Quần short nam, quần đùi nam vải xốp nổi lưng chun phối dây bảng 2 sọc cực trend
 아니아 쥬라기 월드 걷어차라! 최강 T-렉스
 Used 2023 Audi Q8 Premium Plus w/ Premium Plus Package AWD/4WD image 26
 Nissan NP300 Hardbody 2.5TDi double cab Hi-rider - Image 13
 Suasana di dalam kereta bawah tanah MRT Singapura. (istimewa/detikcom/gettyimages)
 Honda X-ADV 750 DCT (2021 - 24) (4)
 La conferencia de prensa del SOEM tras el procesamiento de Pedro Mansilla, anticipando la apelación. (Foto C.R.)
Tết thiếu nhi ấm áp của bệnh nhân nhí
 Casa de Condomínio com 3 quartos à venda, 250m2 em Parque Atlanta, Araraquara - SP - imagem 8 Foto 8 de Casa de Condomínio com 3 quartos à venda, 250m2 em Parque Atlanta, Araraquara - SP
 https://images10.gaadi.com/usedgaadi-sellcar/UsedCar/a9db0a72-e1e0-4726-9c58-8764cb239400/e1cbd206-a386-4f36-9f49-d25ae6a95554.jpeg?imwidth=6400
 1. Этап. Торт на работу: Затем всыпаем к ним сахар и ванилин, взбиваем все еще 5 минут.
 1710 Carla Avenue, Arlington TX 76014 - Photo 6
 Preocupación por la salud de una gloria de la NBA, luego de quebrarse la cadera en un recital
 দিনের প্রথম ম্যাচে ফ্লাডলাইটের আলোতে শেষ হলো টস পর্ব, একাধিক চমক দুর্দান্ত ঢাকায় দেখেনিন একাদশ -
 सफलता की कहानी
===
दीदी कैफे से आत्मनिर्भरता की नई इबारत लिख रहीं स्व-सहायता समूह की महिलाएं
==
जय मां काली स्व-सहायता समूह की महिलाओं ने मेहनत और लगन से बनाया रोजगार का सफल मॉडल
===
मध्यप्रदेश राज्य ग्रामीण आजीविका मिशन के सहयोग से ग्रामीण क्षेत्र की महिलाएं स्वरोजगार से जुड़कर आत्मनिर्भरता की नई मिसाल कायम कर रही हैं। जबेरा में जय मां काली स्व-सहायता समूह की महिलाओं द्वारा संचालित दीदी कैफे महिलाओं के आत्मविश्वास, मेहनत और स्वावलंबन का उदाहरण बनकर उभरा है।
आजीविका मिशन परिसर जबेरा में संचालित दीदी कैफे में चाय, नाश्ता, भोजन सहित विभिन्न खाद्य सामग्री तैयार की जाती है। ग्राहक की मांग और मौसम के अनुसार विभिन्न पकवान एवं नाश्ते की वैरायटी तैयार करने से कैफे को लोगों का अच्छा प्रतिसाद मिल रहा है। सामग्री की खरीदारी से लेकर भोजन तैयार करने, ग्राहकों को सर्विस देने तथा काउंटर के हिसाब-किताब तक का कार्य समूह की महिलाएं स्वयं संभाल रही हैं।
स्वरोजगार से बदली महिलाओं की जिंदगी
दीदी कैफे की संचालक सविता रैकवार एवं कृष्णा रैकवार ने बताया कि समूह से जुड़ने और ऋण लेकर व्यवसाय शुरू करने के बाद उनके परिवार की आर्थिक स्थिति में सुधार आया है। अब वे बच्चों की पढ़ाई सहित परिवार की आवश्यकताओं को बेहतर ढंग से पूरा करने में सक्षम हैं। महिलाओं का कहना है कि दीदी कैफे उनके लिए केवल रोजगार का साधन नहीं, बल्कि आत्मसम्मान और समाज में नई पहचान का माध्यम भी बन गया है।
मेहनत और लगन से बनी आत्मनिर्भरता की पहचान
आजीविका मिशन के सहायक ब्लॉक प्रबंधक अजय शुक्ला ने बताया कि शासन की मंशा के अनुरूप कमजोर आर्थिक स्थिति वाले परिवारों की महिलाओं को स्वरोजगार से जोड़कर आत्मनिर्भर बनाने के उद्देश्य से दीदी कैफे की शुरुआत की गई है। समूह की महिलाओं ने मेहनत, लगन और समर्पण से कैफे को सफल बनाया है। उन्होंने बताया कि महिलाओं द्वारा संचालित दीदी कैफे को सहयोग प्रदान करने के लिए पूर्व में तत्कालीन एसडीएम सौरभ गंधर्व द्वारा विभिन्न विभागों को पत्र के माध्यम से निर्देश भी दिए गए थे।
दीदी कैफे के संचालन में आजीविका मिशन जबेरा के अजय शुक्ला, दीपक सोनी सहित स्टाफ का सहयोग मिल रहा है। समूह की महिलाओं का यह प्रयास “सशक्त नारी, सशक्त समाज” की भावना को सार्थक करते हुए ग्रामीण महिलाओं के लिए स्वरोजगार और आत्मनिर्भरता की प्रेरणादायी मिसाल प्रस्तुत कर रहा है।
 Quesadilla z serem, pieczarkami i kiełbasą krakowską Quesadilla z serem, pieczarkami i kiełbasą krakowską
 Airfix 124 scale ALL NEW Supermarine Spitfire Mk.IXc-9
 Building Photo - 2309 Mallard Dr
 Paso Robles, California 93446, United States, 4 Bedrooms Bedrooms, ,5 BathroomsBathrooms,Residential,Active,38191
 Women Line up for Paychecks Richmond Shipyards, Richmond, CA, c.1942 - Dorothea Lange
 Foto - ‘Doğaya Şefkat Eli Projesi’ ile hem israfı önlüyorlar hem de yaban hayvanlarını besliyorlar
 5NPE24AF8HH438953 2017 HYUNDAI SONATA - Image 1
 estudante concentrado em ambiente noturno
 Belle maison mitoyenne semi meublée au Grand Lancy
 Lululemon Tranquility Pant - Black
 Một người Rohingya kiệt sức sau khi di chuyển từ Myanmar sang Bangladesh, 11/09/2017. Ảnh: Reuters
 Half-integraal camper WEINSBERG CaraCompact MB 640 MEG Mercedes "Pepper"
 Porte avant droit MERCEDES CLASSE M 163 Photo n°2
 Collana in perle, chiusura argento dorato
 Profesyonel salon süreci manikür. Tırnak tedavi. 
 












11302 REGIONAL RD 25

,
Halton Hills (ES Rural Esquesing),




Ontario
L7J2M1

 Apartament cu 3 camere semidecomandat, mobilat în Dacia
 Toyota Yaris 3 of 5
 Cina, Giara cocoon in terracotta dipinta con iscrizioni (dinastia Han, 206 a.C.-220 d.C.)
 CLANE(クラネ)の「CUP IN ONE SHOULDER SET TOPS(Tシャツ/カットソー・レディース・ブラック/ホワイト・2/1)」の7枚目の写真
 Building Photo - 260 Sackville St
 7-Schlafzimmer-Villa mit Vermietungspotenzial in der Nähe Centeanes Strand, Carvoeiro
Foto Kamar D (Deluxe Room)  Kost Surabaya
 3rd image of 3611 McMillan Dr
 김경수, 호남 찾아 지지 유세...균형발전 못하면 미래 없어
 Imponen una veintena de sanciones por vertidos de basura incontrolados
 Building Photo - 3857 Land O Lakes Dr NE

================================

◆ **Exercise details**:
Whenever the string "Building" turns up in a line above, copy that line out.

◆ **Your solution**:
 Building Photo - 2309 Mallard Dr
 Building Photo - 260 Sackville St
 Building Photo - 3857 Land O Lakes Dr NE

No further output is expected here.